My favorite is #5: There is always a way! Never give up on an idea, no matter how crazy, because there will always be a way to get it done.
I’m completely with you on that one 🙂
Excellent insight as usually Anil. Hacking isnt such a bad thing when you look how you can prepare yourself for the things that are possible to happen. Have a back up and spread your money across your things rather than carrying everything in one place.
That’s an important point, distributing your money and valuables; and generally having a backup for emergencies so you have the means to recover quickly.
great tips, I love #5: There is always a way! I strongly believe that too, with everything in life.
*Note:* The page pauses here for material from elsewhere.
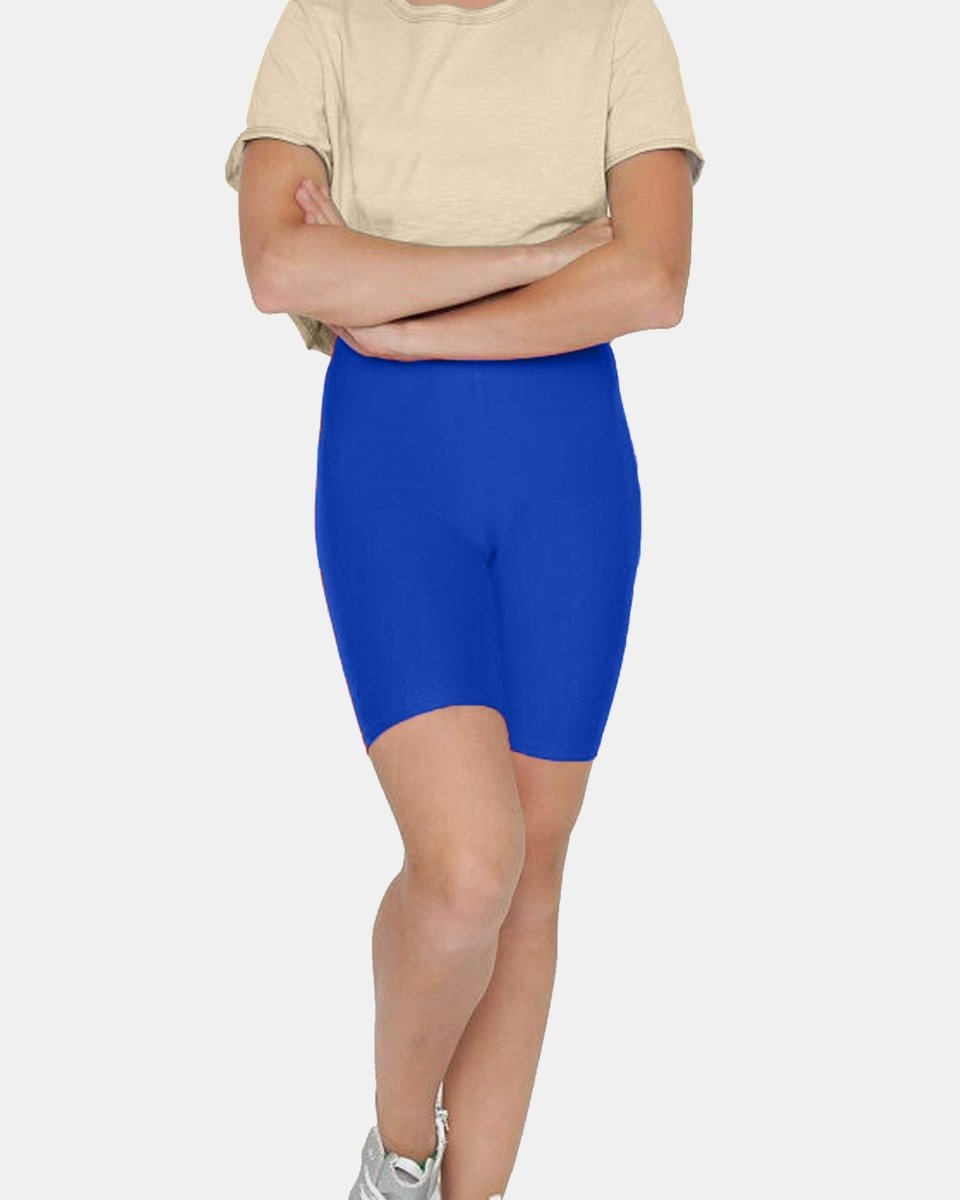 Royal Blue Shiny Nylon Lycra Shorts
The motto of my life as well 🙂
That would mean the Travel Bloggers facebook group is like the IRC for travel bloggers. Got a good script to generate Alexa bots, Anil? Heh
I had my days of.. erm… breaking things online…
I like that – IRC for travel bloggers.
As for Alexa, there are a few ways to do it. You can fairly easily get under 30,000 if you really wanted to. Don’t see the point though, might as well try to do it naturally.
…we’ll have to swap stories next time we meet up 😉
“Learn ahead of time how much it should roughly cost and once you get to where you’re staying you can get the personal advice from your hosts. The real fun is discovering everything else firsthand.” I totally agree with this, I always get excited when I’m on a playing and reading the flight brochure or travel guide trying to figure out how to reach the town paying little and without wasting time, plus getting insights on the city. A good analogy, and I’d say that at the end situations usually fix themselves!
I’m a big believer that over-planning is overrated. Traveling is much simpler than most people assume. Once you arrange the basics, change and circumstance take over, making for memorable trips 🙂
“losing a passport isn’t like losing a leg” – this is going to be my mantra! Great article Anil!